Issue #171 - Distilling Multiple Domains for Neural Machine Translation

Akshai Ramesh
10 Mar 2022
7 minute read
Issue #171 - Distilling Multiple Domains for Neural Machine Translation


Neural Machine Translation (NMT) models are often trained on heterogeneous combinations of data from multiple domains, typically not balanced or diverse with respect to domain. This results in the NMT model performing well on the high-resource domains but poorly on the low-resource ones. Ideally, a multi-domain NMT model should be able to perform well across all the constituent domains. In today’s blog post, we will take a look at the work of Currey et al. (2020) who propose a new approach called Multi-Domain Knowledge Distillation (MDKD) that can be used to train a single multi-domain NMT model to translate several domains without increasing the inference time or memory usage. 

The Approach 

The authors generalize the previous work of sequence-level knowledge distillation (Kim & Rush, 2016) to the multi-domain scenario by distilling the output of multiple domain-specific teachers. The proposed approach consists of 3 main steps: 

i) Train domain-specific teacher models: 

  • The concatenated data from all domains is used to train a deep generic model. 
  • Create separate teacher models, each of which do well in a specific domain. 
  • For each domain, the deep generic model is fine-tuned exclusively on the in-domain data to obtain the domain-specific teacher model. 
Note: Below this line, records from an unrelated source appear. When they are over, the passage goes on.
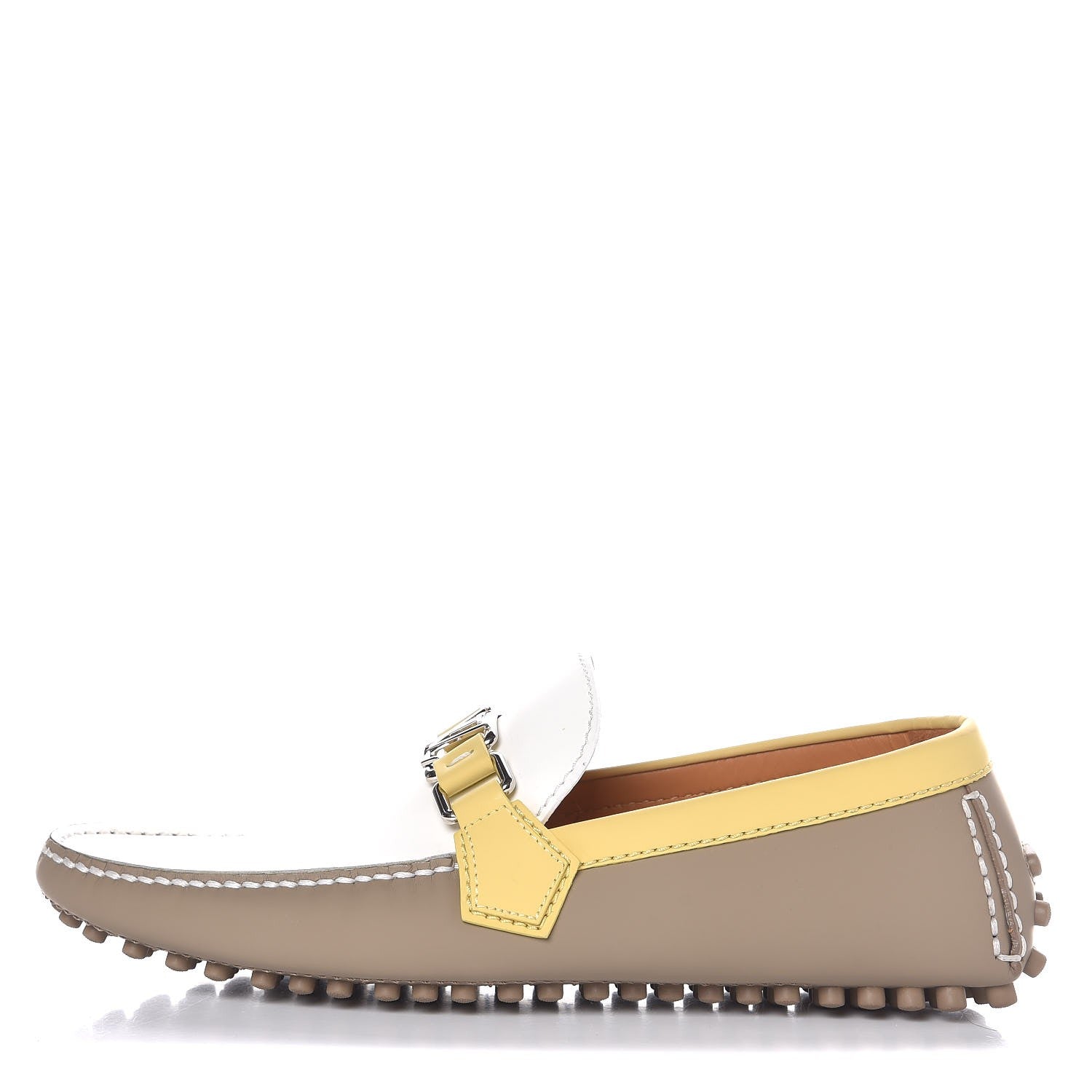 Louis Vuitton Rubber Mens Hockenheim Mocassins 6 Beige Yellow 1 of 9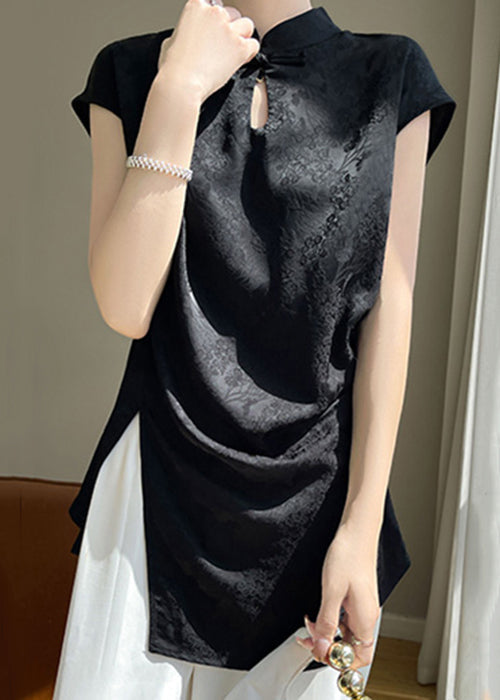 New Black Stand Collar Front Open Silk Blouse Summer AB1007 Genistyle Shop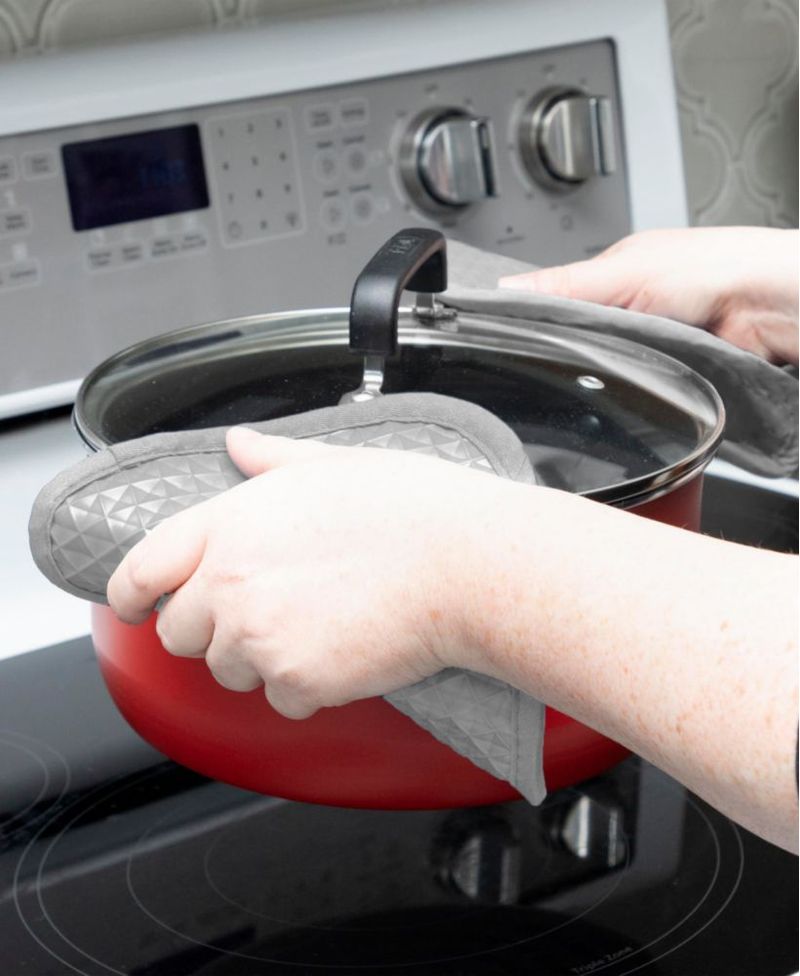 Manoplas T-Fal de silicona 525 °F gris – 2 unidades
ii) In-domain distillation: 

  • The goal of this step is to reduce the complexity of the original training data. 
  • For each domain, the domain-specific teacher model is used to translate the corresponding in-domain training and development data. 

iii) Train a final multi-domain student model: 

  • The student model is shallower than the teacher models and is trained from scratch using both the training data (Ditr ) and the distilled training data (Didist(tr)) from all the domains. 

Experiments and Results 


The proposed approach is evaluated on two different translation tasks - German (DE)→English (EN) and English (EN)→French (FR) across multiple domains. The data statistics can be found in the table shown below: 

Table 1: Datasets used for the experiments

Table 1: Datasets used for the experiments

The authors carry out experiments with both unbalanced (keeping the original domain distribution) and balanced (upsampling) distribution of data across the multiple domains. 

Experimental Setup: 

The authors make use of transformer-base (Vaswani et al., 2017) implementation in Sockeye (Hieber et al., 2017) to train all the baseline, teacher and student models. For teacher models, they make use of 12 encoder and 12 decoder layers; for student and baseline models, they use 6 encoder and 6 decoder layer shallow architecture. 

The Multi-domain baselines 

i) multi-un: Model trained on the concatenated data from all the domains. 

ii) multi-up: Model trained on the concatenated upsampled data from all the domains. 

iii) fine-tune: This model is obtained by fine-tuning the multi-un model with the upsampled data from all domains. 

iv) multi-tgt-tok: This model is trained using the same data as the multi-un model but by prepending a domain token to the target-side sentences. 

Deep teacher models 

Oracle of domain-specific teacher models trained by fine-tuning the deep generic model (trained on the concatenation of all data) exclusively on the in-domain data. This is to compare the proposed MDKD - shallow student model with the deep teacher models. 

MDKD Models 

i) MDKD-un: Shallow student model trained on the concatenation of original (Ditr ) and distilled version (Didist(tr)) of domain-specific corpora from all domains without changing the domain distribution. 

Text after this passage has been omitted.